Nonobstant le travail efficace et approprié d'organismes paramunicipaux comme Sherbrooke Innopole ou Commerce Sherbrooke, la Ville de Sherbrooke et nos élus ont failli lamentablement à la tâche de gérer cette crise inédite. L'absence de leadership du maire de Sherbrooke et sa gestion déficiente de la crise de la pandémie sont une honte. Réflexion sur l'absence de leadership à Sherbrooke...
Les principes de base d'une gestion de crise
Le premier principe à respecter dans la gestion d'une crise c'est de communiquer les informations en temps réel et en toute transparence en évitant la confusion du message. Cela est important afin que les gens qui regardent plus attentivement leur leader en temps de crise puissent avoir confiance en la parole de leur dirigeant. Si l'on ment à ses employés ou à la population ou qu'on tente de présenter les faits sous un meilleur jour, on met en péril sa crédibilité et celle de son institution. En cette époque où la communication fait foi de tout, les gens vont très vite repérer les demi-vérités ou les mensonges, ils ne sont pas stupides. Le dirigeant va aussi perdre la confiance de ses employés et il sera incapable de préserver sa capacité d'influence sur son organisation et auprès de la population.
Communiquer c'est aussi écouter. Il est donc important de communiquer une raison d'être qui servira de guide aux employés tout en laissant à chacune et à chacun une marge de manœuvre qui permet une certaine flexibilité sur les manières d'y parvenir. Écouter ses employés et ses cadres est très important dans une gestion de crise. Souvent, c'est être un mauvais leader que de faire la sourde oreille aux personnes qui ont de meilleures idées que nous.
Un autre principe important c'est d'être à l'écoute des gens et d'être sensible à leurs préoccupations en cherchant à répondre favorablement à leurs besoins ou sinon à expliquer pourquoi cela n'est pas possible.
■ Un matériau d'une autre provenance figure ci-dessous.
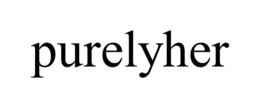 purelyher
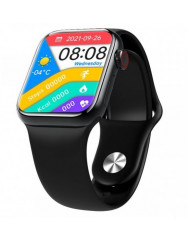 Smart watch GS8 Mini (Black)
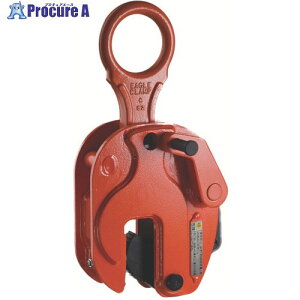 EAGLE cpNv RS-5t(20-50) RS-5-20-50 1 694-4920yϕszysxρz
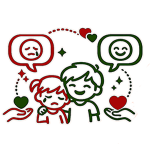 montessori-program-empathy-and-compassion
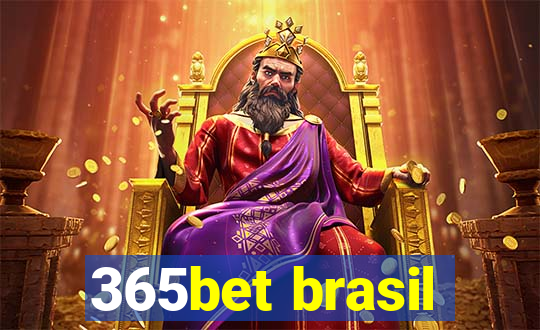 365bet brasil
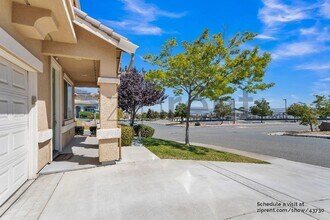 2983 Rancho Bernado Dr in Bay Point, CA - Building Photo - Building Photo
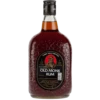 Old Monk Rum 7 Jahre 42,8% 0,7l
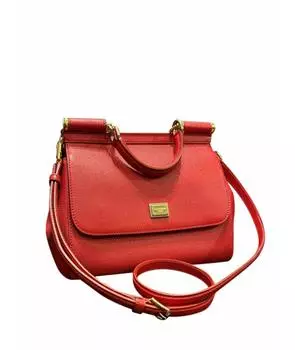 Сумка через плечо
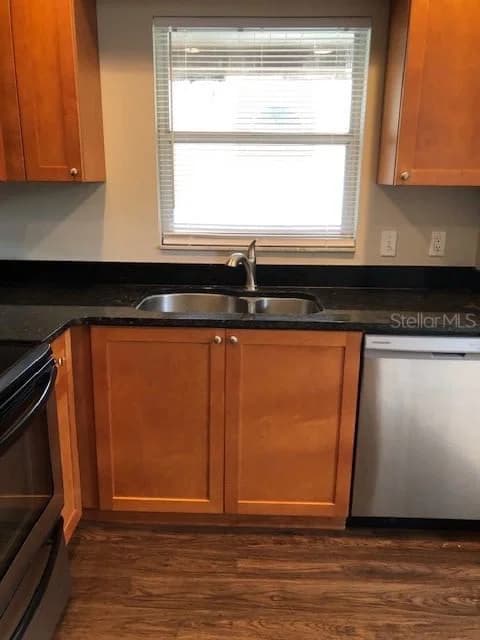 5424 MICHIGAN Street #5424-2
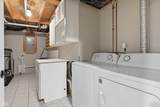 15126 State Road 101 - Photo 38
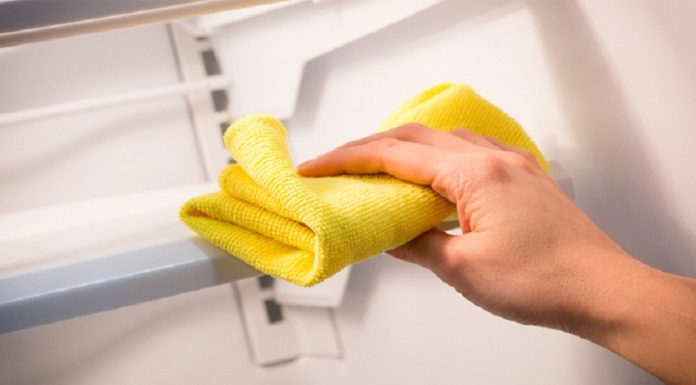 How Often Should You Clean Your Refrigerator?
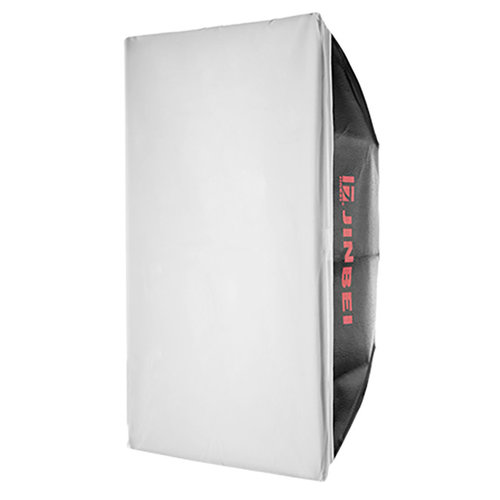 Jinbei MARS 50 X 70 Soft Box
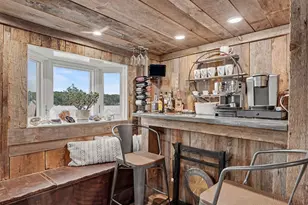 804 W Wakefield Blvd, Winchester, CT 06098 - Photo 14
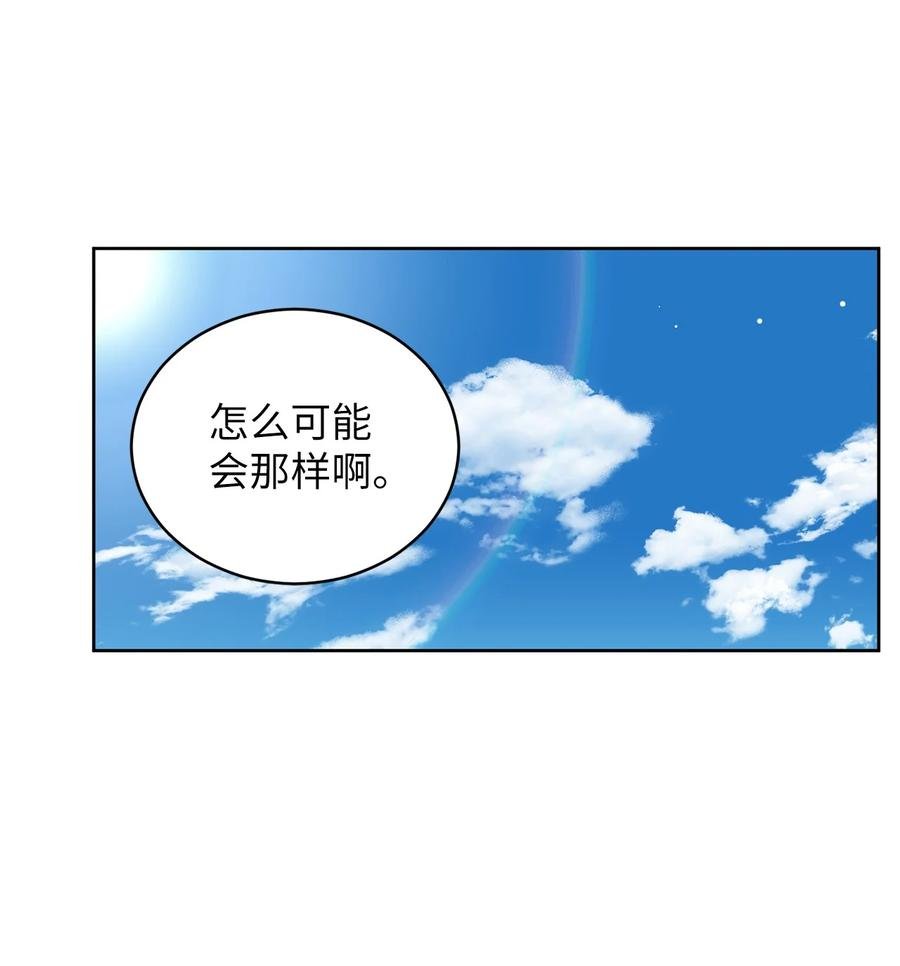 43 惯性依赖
Ce principe est au cœur de la stratégie de communication du gouvernement Legault dans cette crise.
Il faut aussi mettre de l'avant son équipe. Il faut se rappeler une vérité, c'est qu'un dirigeant n'est jamais aussi intelligent que l'ensemble des gens sous sa responsabilité. Il ne faut pas hésiter à puiser dans cette expertise, cela rend le dirigeant plus crédible et plus efficace en temps de crise. L'exemple qui vient en tête pour illustrer ce qu'il ne faut pas faire est la gestion de crise de Donald Trump où l'on peut le voir dans ses conférences de presse dire une chose et son contraire, contredire ses experts et surtout annuler la portée des messages qu'ils cherchent à livrer dans ses commentaires sur son fil Twitter. Fil Twitter où il se livre à des techniques de diversion en se fabriquant des ennemis sous de fallacieux prétextes comme l'histoire du laboratoire secret de Wuhan en Chine.
Enfin, il faut profiter de la crise pour consolider les loyautés en tablant sur une accélération du changement qu'induit une crise sur nos habitudes et surtout ne pas s'isoler du milieu et garder ses antennes bien ouvertes avec les principaux leaders de la communauté. Il faut surtout se préoccuper du sort des autres et non pas de son organisation.
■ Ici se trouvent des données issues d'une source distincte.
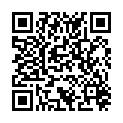 QR HOMEDI-KIND ZAHNUNG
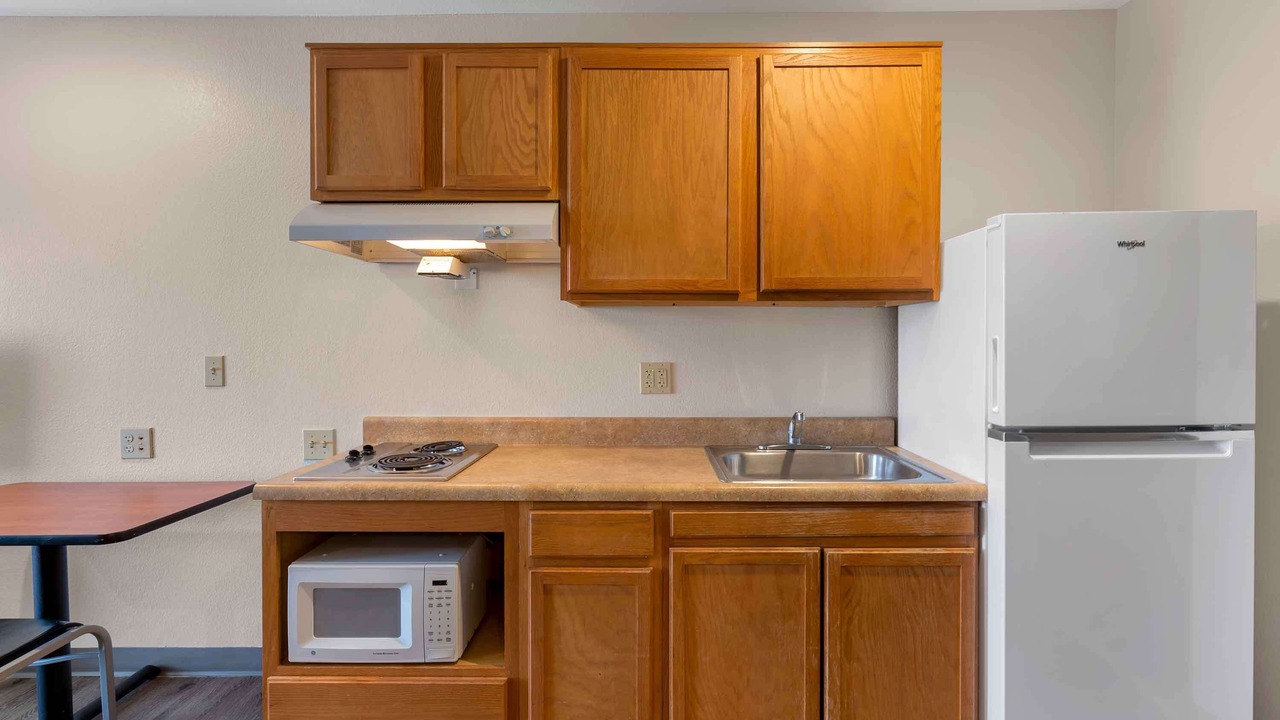 Photo of Kitchen in Orlando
Le cirque ordinaire du maire Lussier
D'aucune façon, je ne voudrais faire croire que la Ville de Sherbrooke ne fait rien pour ses entreprises, pour ses commerces et pour sa population. Dire cela serait une fausseté. Je vois Sherbrooke Innopole s'activer, en tant qu'entreprise commerciale, je reçois de l'information régulière de Commerce Sherbrooke, nos corps policiers sont présents sur le territoire pour assurer le bon ordre et le respect des consignes de la santé publique.
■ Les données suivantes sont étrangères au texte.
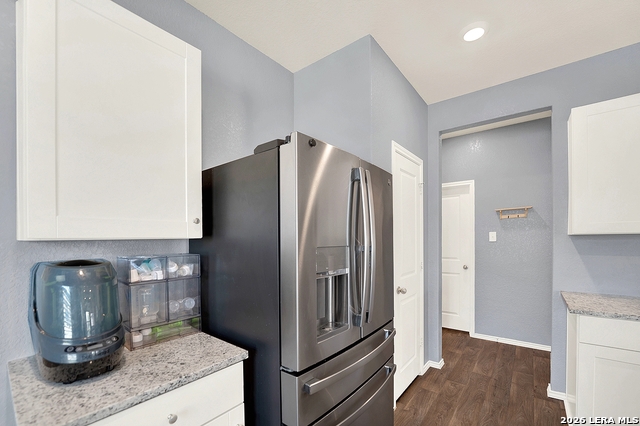 4347 Lake Ritter St Property Photo 5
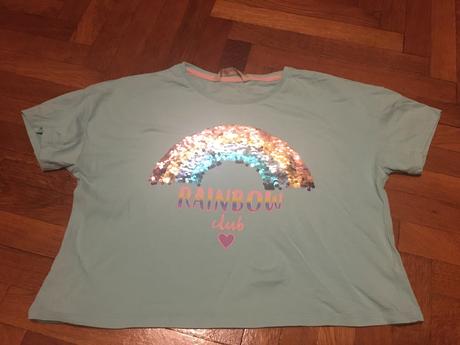 Tricko s pretacacim obrázkom, terranova,164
Ce que je note cependant c'est le leadership défaillant du maire de notre ville et de nos élus. Ce que l'on peut lire à leur sujet serait risible si l'heure n'était pas aussi grave. Débats oiseux sur les huis clos ou non, retenue de l'information, absence de données sur l'impact de la crise actuelle sur l'état de nos finances, débats malencontreux sur la gouvernance des organismes paramunicipaux en pleine pandémie, il faut le faire. Messages contradictoires et aucune direction claire sur l'après-pandémie. Les parcs seront ouverts ou fermés, y aura-t-il des mesures particulières pour le transport en commun, les projets de construction seront-ils retardés ou non ?
Notre Ville bien sûr se fait le relais des programmes gouvernementaux des gouvernements du Québec et du Canada, mais dans son champ d'expertise à elle, pas de sons et pas d'images si ce n'est que des messages contradictoires. Un exemple parmi tant d'autres, les orientations de Destination Sherbrooke pour les prochaines années se concentreront sur le tourisme d'affaires. Allo Houston. S'il y a une chose certaine dans le contexte actuel, c'est que nous sommes très loin du temps où l'on réunira dans une salle des gens pour tenir un congrès ou des rencontres d'affaires. Le tourisme d'affaires est peut-être une orientation souhaitable, mais pas dans un avenir prévisible.
Une occasion manquée...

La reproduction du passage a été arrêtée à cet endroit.